Kritik aus heutiger Sicht

Folgen der Heilung für die Patienten

Freemans Unbelehrbarkeit und Besessenheit für die Lobotomie endete für seine Patienten oft in einer Katastrophe. Nach aktuellen Schätzungen operierte er 3.500 Patienten. Seine Operationswut war ungebrochen und blieb es sogar nach der Entdeckung wirksamer neuer Medikamente.

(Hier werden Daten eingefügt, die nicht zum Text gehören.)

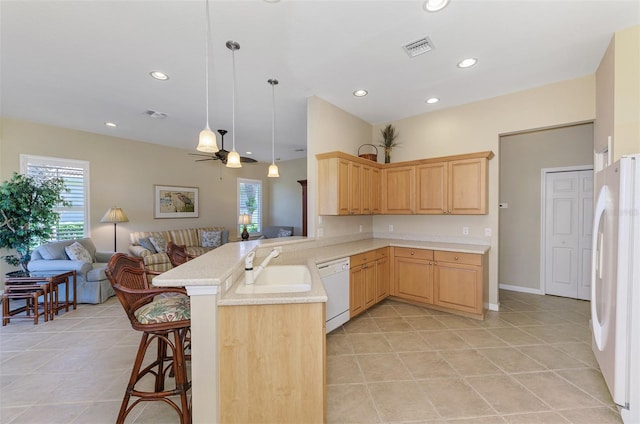 kitchen with visible vents, light brown cabinetry, a sink, open floor plan, and white appliances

Als 1952 das erste massenhaft wirksame Psychopharmakon Chlorpromazin auf den Markt kam, pries er weiterhin die Lobotomie als optimale Behandlungsform an, obwohl eine Behandlung mit Medikamenten weitaus schonender für einen Patienten ist als eine Operation. Nur die Verfechter dieser Operationsmethode berichteten von positiven Ergebnissen, jedoch waren die körperlichen und geistigen Schäden, die eine Lobotomie hervorriefen, unübersehbar. Auch waren viele der "Geisteskrankheiten", die damals mit einer Lobotomie "behandelt" wurden, so zum Beispiel Homosexualität oder die Tatsache, dass man Kommunist war, unverzeihliche und absolut falsche "Diagnosen", die nur aus dem kulturellen Klima der 1950er und 1960er Jahre erklärbar sind.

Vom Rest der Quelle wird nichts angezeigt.